But the physicist wasn’t talking about Beall’s list. He’s pretty smart; he wouldn't fall for a goofy-looking website that started last year and publishes dozens of journals in more disciplines than you can shake a stick at. No, he was talking about open access journals being launched by Nature and other leading science publishers. “It’s like they’ll publish stuff that gets rejected so long as you pay.” We got interrupted and I never got to the bottom of it, though I did have a chance to ask his opinion of hybrid journals – the ones that charge a subscription but will make individual articles free if you pay a fee which is often in the thousands of dollars. His response? “That’s ridiculous!” Yeah, I think so, too. 

From his perspective, the open access scam wasn't shoddy "predatory" publishers (a concept that really needs to be defined more broadly than just the sites on Beall's list). It was the fact that respected journals like Science will funnel articles rejected from its highly-prestigious pages to an online mega-journal site where they can be published without further review so long as the author can spare the cash.

Put it that way, it does kind of seem like a scam.
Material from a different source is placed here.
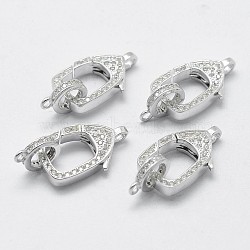 925 Sterling Silver Cubic Zirconia Lobster Claw Clasps, Carved 925, Rectangle, Platinum, 25x12x3mm, Hole: 1mm and 2mm(STER-K169-01P)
Basically, scientists want access to scientific research and these days even a well-funded institution can’t afford all the journals where research of interest may be published. The physicist I was speaking with routinely uses arXiv, a long-running preprint server, and I’m sure he would never hesitate to send a PDF to anyone who asked. That’s why you publish, after all – to share your results. Yet if he is going to get grants, he has to publish in journals that have prestige. That those journals offer a second-class open access option for a fee looks fishy to him.

It is fishy. Commercial journals and profitable journals published by major science societies make huge profit margins and five companies control most of the market. They’re offering open access as a new business model, but in such a way that it won’t damage their established brands. They’ll take in cash to run new ventures while preserving the prestige of their most exclusive journals and their profit margins.   

If a bill that a US Senate committee approved unanimously late last month actually makes it to the floor and isn’t trampled by a heard of lobbyists, research funded by federal tax dollars (like the grants this physicist relies on for most of his lab’s expenses) will be free to the public within a year of publication. The UK is further down the open access route, encouraging a model that will preserve existing publishing businesses through generous author-side fees. The future must be open, if we want minds to be open, and in time we’ll figure out a better way to share research results that doesn’t involve paywalls, high author-side fees, and excessive corporate profits.

I’m convinced this is doable if scientists and the public have a say in how we'll make it work. But to get there, we can't sit back and let the big publishers define the future.